Os episódios ocorrem normalmente às escondidas, pois a pessoa tem vergonha e muita culpa por não ter controle, recriminando-se por esse comportamento. É perturbadora a sensação de falta de controle que ocorre nesses momentos e a impotência que gera na sequência do ataque.

Os episódios de compulsão podem ocorrer por diversos motivos do qual cada indivíduo terá seus motivadores externos ou internos que determina esse comportamento, mas sejam elas quais forem a necessidade de se compensar essas situações estão presentes na grande maioria dos casos relatados.

Alguns fatores físicos, psíquicos e sociosculturais podem ser os disparadores desse processo, juntos ou separadamente. Para se fechar um diagnóstico do TCAP eles devem ocorrer pelo menos duas vezes na semana, por um período mínimo de seis meses, contando com alguns critérios abaixo:

- Comer muito mais rápido do que o normal;

- Falta de controle no momento do episódio;

- Comer até sentir-se mal, empanturrado;

- Sentir-se deprimido e culpado logo após o acontecido;

- Ingerir grandes quantidades de comida mesmo sem fome;

- Comer sozinho por sentir vergonha;

- Sentir repulsa de si mesma e angústia crescente.

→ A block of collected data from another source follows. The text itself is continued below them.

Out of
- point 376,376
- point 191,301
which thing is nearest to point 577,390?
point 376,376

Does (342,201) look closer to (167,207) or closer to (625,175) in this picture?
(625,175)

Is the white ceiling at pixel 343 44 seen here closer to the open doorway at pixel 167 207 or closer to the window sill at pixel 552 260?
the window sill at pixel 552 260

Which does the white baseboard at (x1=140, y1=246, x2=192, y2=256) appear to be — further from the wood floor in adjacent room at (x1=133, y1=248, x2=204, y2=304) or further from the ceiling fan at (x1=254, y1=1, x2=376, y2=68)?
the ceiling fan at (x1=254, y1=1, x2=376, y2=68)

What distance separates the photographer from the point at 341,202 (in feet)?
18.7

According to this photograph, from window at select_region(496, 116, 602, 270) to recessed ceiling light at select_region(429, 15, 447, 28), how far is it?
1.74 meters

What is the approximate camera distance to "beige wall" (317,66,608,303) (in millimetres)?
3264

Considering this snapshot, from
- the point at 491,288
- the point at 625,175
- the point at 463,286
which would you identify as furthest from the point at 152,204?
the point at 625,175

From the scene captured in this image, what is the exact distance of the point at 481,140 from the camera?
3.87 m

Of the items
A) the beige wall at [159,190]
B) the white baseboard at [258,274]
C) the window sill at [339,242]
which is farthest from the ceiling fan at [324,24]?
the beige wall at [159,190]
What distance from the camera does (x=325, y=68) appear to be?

É importante buscar tratamento se identificar que tenha esse comportamento, contando com a ajuda de psicólogo, nutricionista, psiquiatra, especialistas em transtornos alimentares.

No trabalho terapêutico o sujeito toma conhecimento do que leva ao desencadeamento de sua compulsão, os sentimentos presentes, junto com o autoconhecimento e elevação da autoestima.

Mas é preciso uma boa avaliação para entender que nem sempre um exagero significa um transtorno alimentar.